A boutique collection of high-end Cartagena restaurants has emerged over the past five years, to the extent that its catching the eye of serious foodies around the world. Other regional magnet cities may challenge Cartagena restaurants in terms of sheer quantity, but what Cartagena may lack in size, it makes up for in extreme diversity and innovation. The best of Cartagena’s restaurants are set to some kind of period, whether it be ultra modern or historically chic. The food is almost overwhelmingly progressive paired with a taste of the local landscape. Surrounded by coast, there’s no wonder Cartagena restaurants menus are often populated by seafood and fish, and the surrounding Colombian countryside means fresh produce is everywhere. Restaurants with the most personality are located in the historic district of Cartagena while the suburb areas are sprinkled with new-age cafes, old-school haunts, and the omnipresent local fonda.:

Centrally located on a charming main street in the center of the old town, Oh La La provides an authentic French dining experience, infused with the flavors of Colombia.  Originally located in the district of Gethsemani, the restaurant almost immediately attained a loyal following, and its clientele have welcomed its move to the inviting new quarters, which is also more convenient for tourists and travelers to the city.

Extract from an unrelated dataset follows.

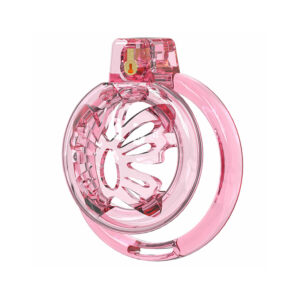 Ergonomic silicone Cobra chastity cage for long-term wear; Steelheart stainless steel chastity device.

La Perla, a blink-and-you’ll-miss-it kind of restaurant in Cartagena is the brainchild of a Peruvian chef and a Bogota mixologist (whatever the hell that actually means). The dining room of La Perla itself could be mistaken for a large closet with only two rows of tables reaching (maybe) thirty meters back. A coat-room-sized kitchen is deceptive in its ability to construct outrageously good food from the sea.

 

I can comfortably (and happily) say that 8-18 was my first dinner in Cartagena. Had I not realized I was in the historic district, the inside of 8-18 would have convinced me otherwise. It has a decidedly Miami feel and while prices here aren’t that far off from the states, it does represent a new and unique dining option in a world of constantly revolving it-spots in Cartagena dining.

 

There’s a reason every local with the slightest bit of cool suggests you start your night off at Café del Mar. Maybe it’s the oceanfront view of old city and new town Cartagena. Maybe it’s the pleasant cross breeze.

Maybe it’s the whimsical music or the fact that you’re chilling on a fortress wall from hundreds of years back. Café del Mar is easily one of the most recognizable nightlife haunts in Cartagena.

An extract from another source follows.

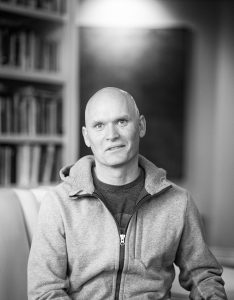 Anthony Doerr in his home, Boise Idaho.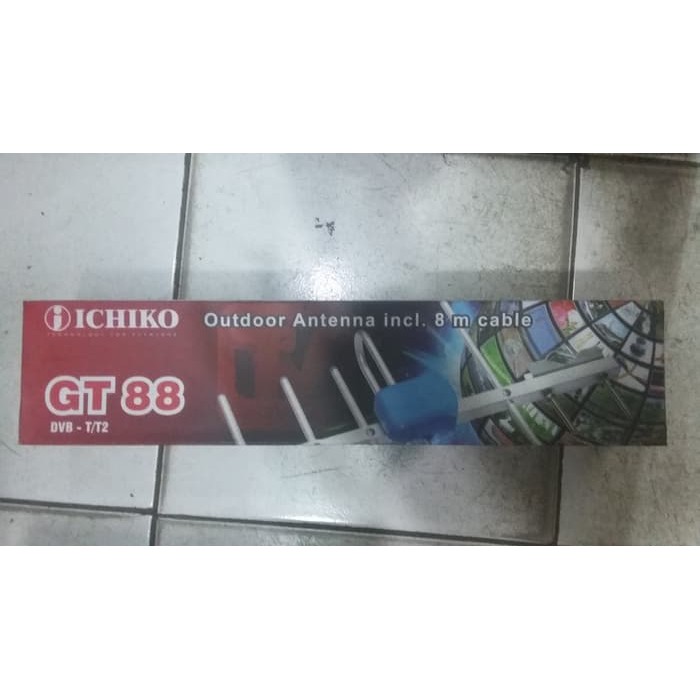 ANTENA LUAR MURAH + KABEL 8 METER MERK ICHIKO/ANTENA TV LED/LCD/TABUNG kualitas terbaik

El Santísimo is to the Cartagena restaurant scene what Diego Maradonna was to the 1986 World Cup: a palpable step above an otherwise decent group of competitors. El Santísimo sits in the upper echelon of Cartagena cuisine, a place where real connoisseurs eat and hype is nothing other than reality via word of mouth.

El Santísimo is the combination I envision when I think trendy Cartagena dining: one part pioneering cuisine, one part immaculate restored old mansion, one part well-trained staff, and one part intangible jenesaisquoi.

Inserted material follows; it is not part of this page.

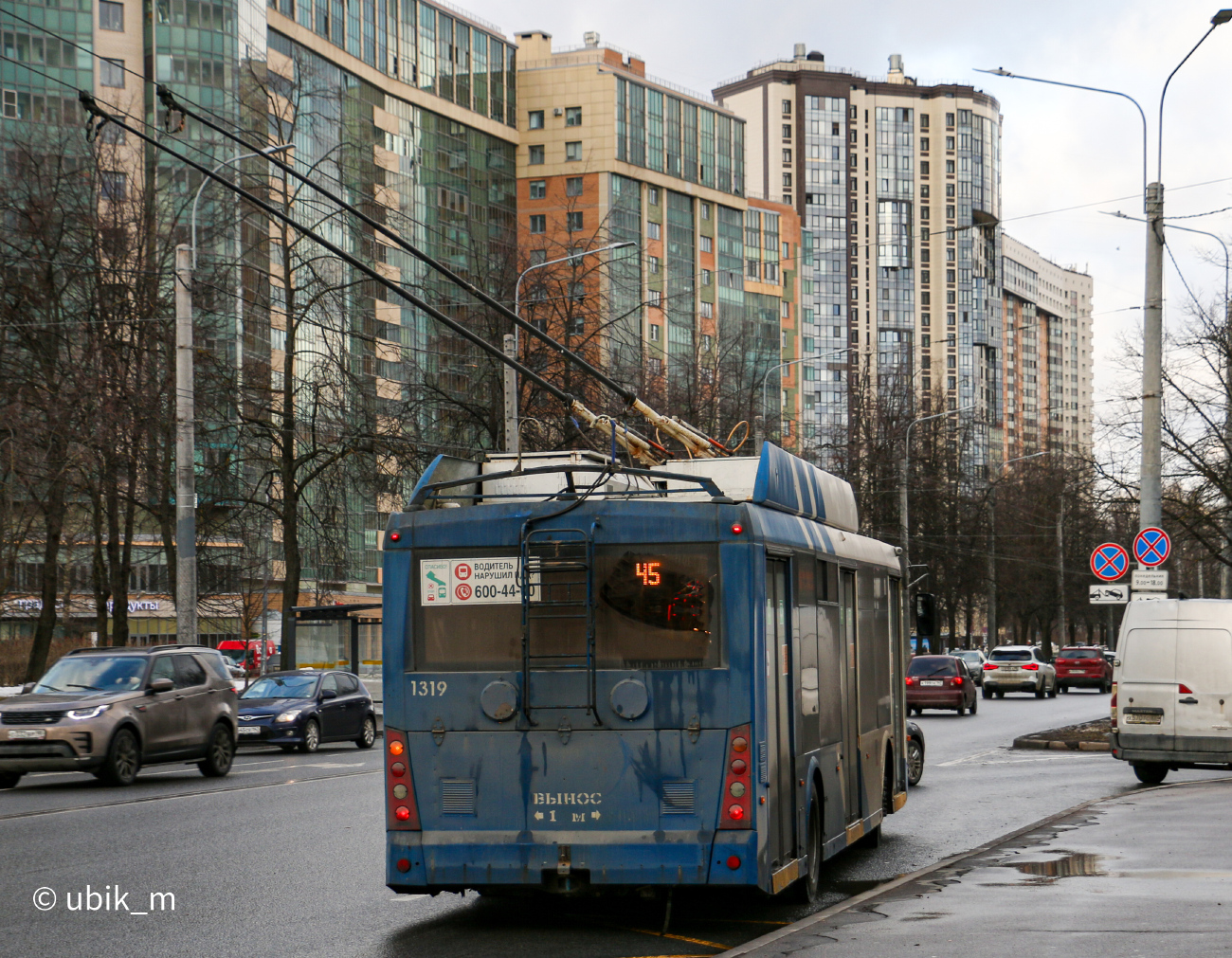 Санкт-Петербург, Тролза-5265.00 «Мегаполис» № 1319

Cartagena’s not exactly known for its Asian influences, but Teriyaki offers hands-down the historic district’s most innovative (and traditional) Japanese fare. Located in Plaza San Diego, a quaint open space beside Cartagena’s School of Fine Arts and diagonal from the renowned Hotel Santa Clara, Teriyaki offers dishes of Chinese, Thai, Japanese and Korean influence: everything incredibly fresh and bold.

La Vitrola is arguably the most talked-about restaurant in Cartagena. “Where the movie stars and politicians eat and the models go to look at salads,” I was told. So not unlike the hotdog at Yankee’s Stadium or the pho on the street in Bangkok, I felt obliged to eat at La Vitrola, the historic district’s most renowned dining scene.